##### Raw data #####
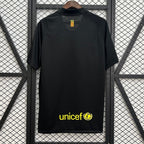 2011-2012 Maillot Barcelone Extérieur Rétro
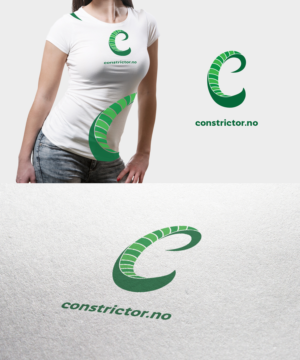 Logo Design by John Neuron for this project | Design: #21505614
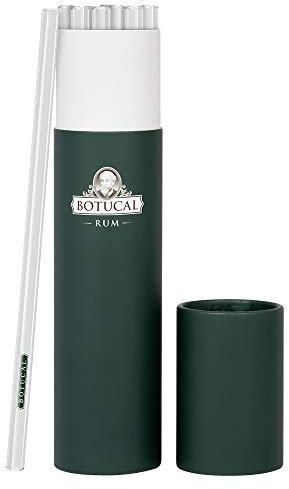 Botucal Glasstrohhalme -20er Set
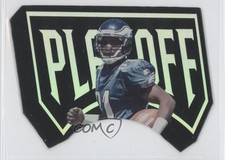 1999 Playoff Absolute SSD Honors Silver 85/100 Charles Johnson #AH80 0j6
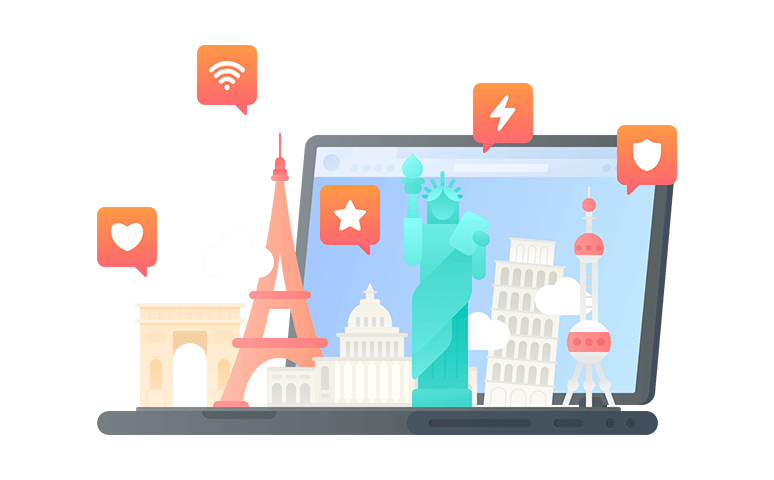 代理网易云课堂的回国vpn - 亮讯加速器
#####
• **What you are asked to do**
Beginning at the line that contains "Logo Design by" and ending at the last line of the data, return each line exactly; no picture belongs in the copy.

• **Written solution**
 Logo Design by John Neuron for this project | Design: #21505614
 Botucal Glasstrohhalme -20er Set
 1999 Playoff Absolute SSD Honors Silver 85/100 Charles Johnson #AH80 0j6
 代理网易云课堂的回国vpn - 亮讯加速器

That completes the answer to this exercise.